==== Provided records

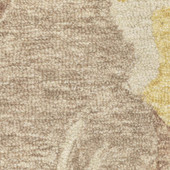Oriental Weavers Kipton KIP02 Beige Yellow Area Rug Zoom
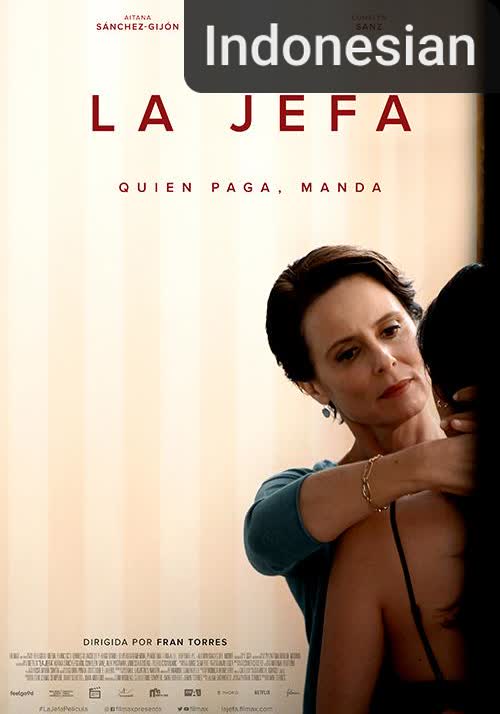 Under Her Control [Indonesian] (2022)
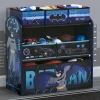 Toy Storage & Bookcases|Shop By Character*Delta Children Batman 6 Bin Design and Store Toy Organizer
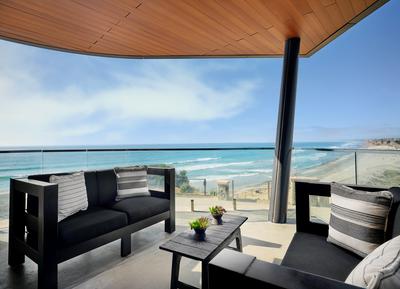 Ponto & Grandview Suite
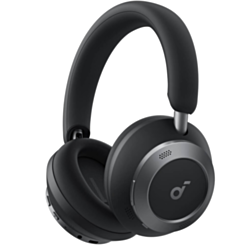 Qulaqlıq Anker SoundCore Space One Pro WH A3062G11 Black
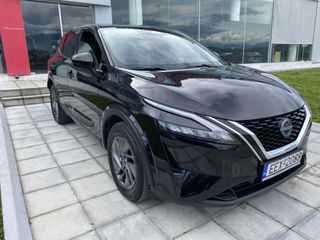 Nissan Qashqai 2024 1ΧΕΡΙ ΕΛΛΗΝΙΚΗΣ ΑΝΤΙΠΡΟΣΩΠΕΙΑΣ- ΑΥΤΟΜΑΤΟ-thumb-8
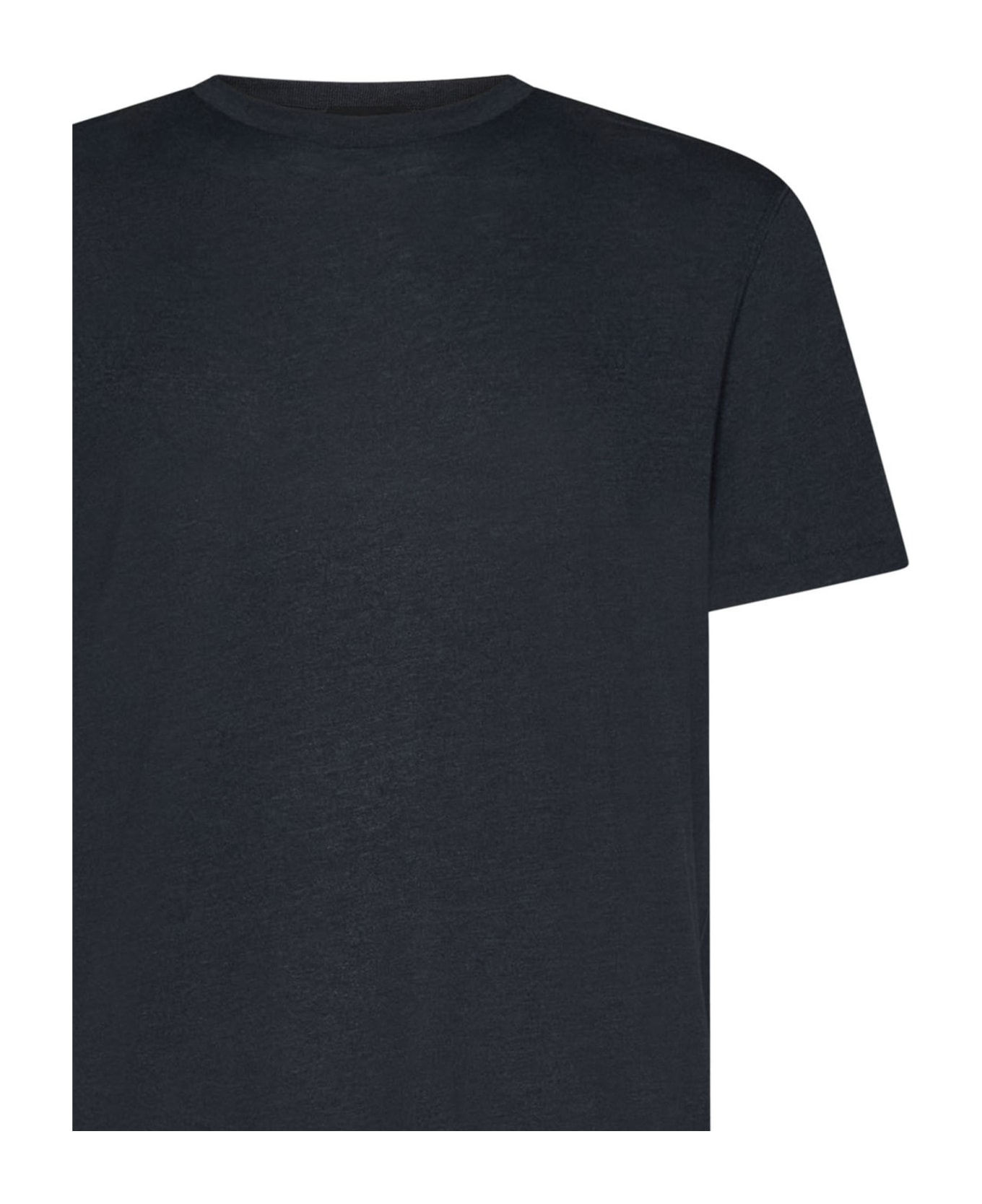 Tom Ford T-shirt - Black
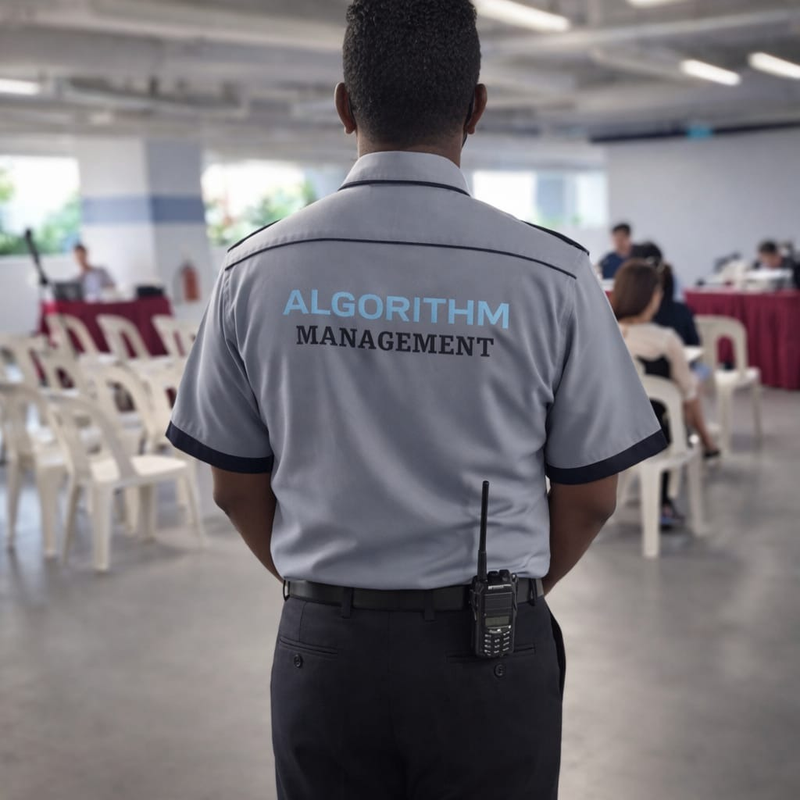 Security Services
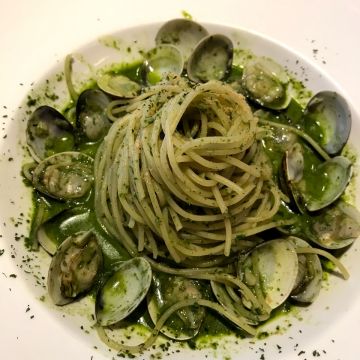 元素咖啡&義大利麵 Spirito Cafe & Pasta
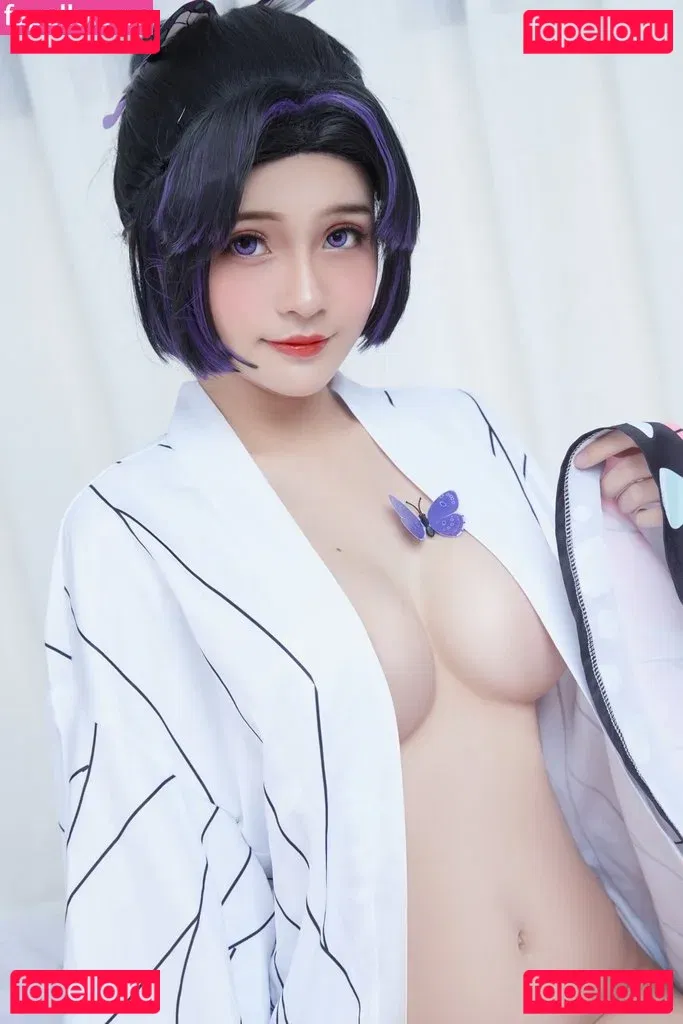 Ayachamo Onlyfans Photo Gallery 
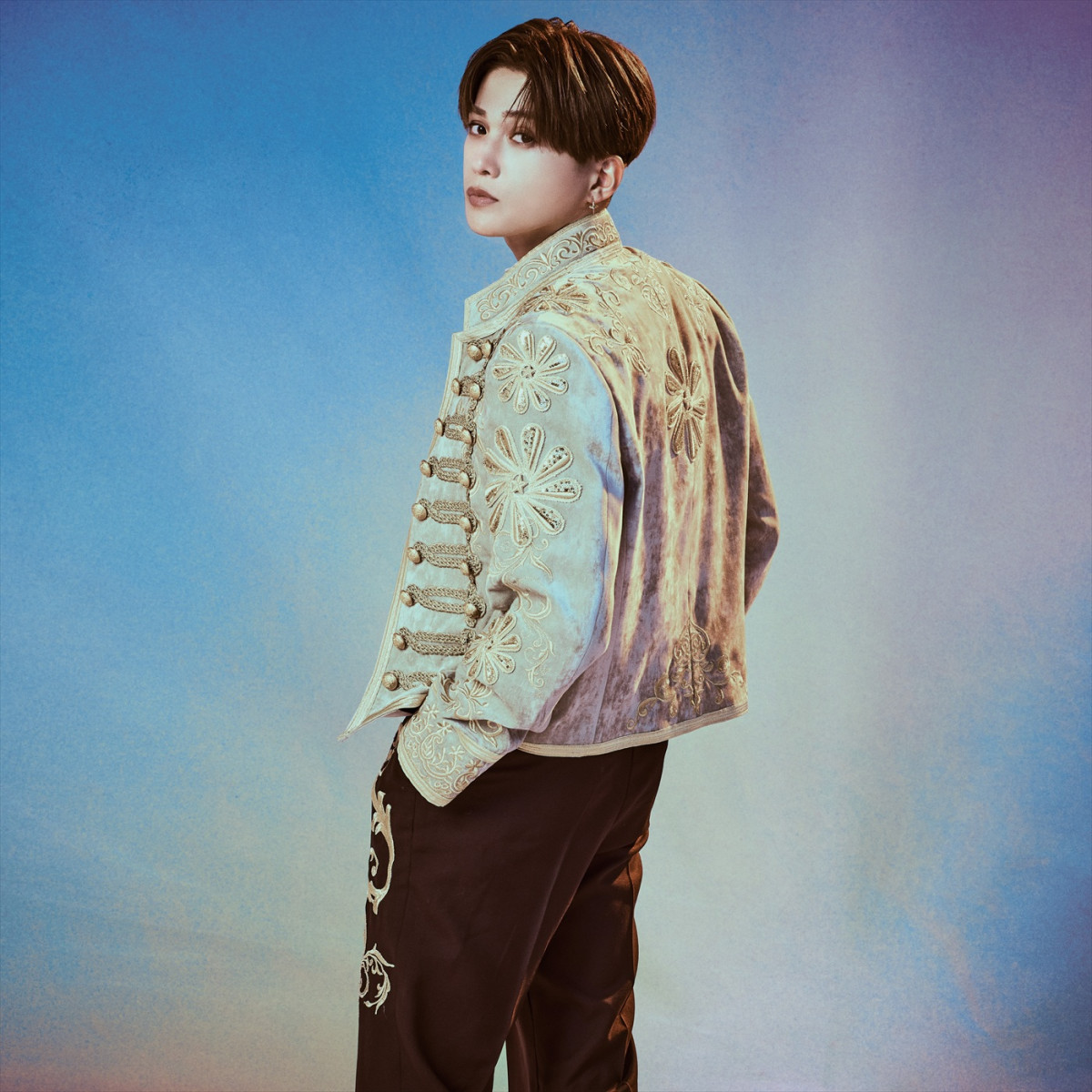 山下智久、TREASURE、亀梨和也ら『THE MUSIC DAY 2026』出演アーティスト第3弾解禁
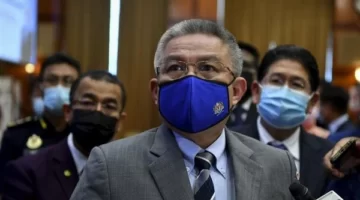 وزير الصحة الماليزي: لا نقص في الأدوية في المستشفيات الحكومية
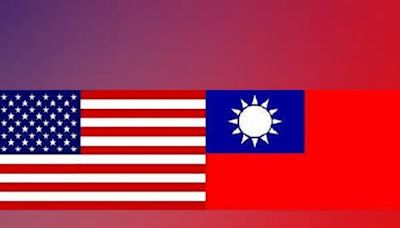 US congressmen's visit part of larger visit to Indo-Pacific, says American Institute in Taiwan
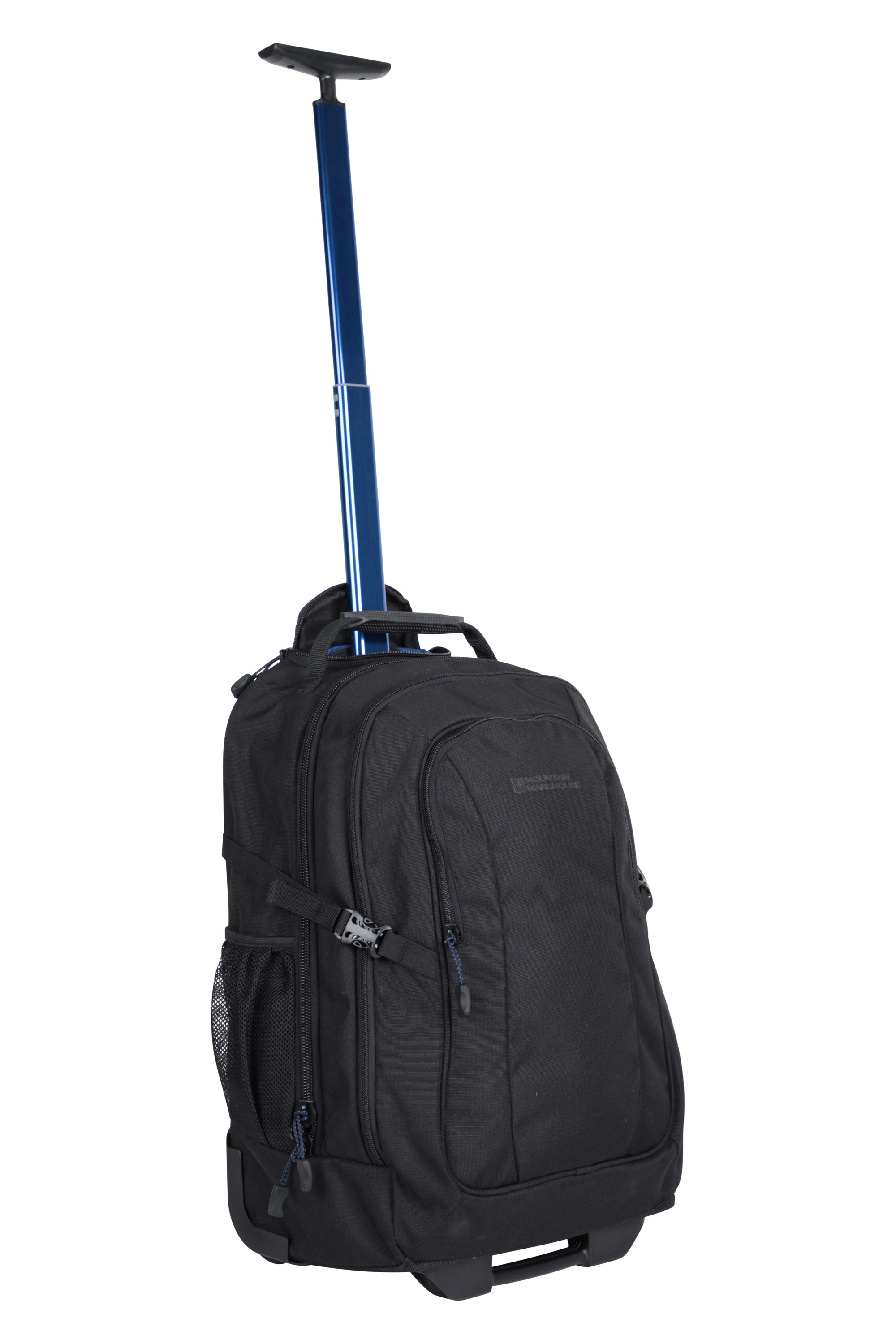 Voyager 35L Wheelie Backpack | Mountain Warehouse CA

========

Try it: Leave the pictures out and repeat exactly the lines from the beginning of the records to the line bearing "Qulaqlıq Anker SoundCore", both ends counted.

Exercise result:
Oriental Weavers Kipton KIP02 Beige Yellow Area Rug Zoom
 Under Her Control [Indonesian] (2022)
 Toy Storage & Bookcases|Shop By Character*Delta Children Batman 6 Bin Design and Store Toy Organizer
 Ponto & Grandview Suite
 Qulaqlıq Anker SoundCore Space One Pro WH A3062G11 Black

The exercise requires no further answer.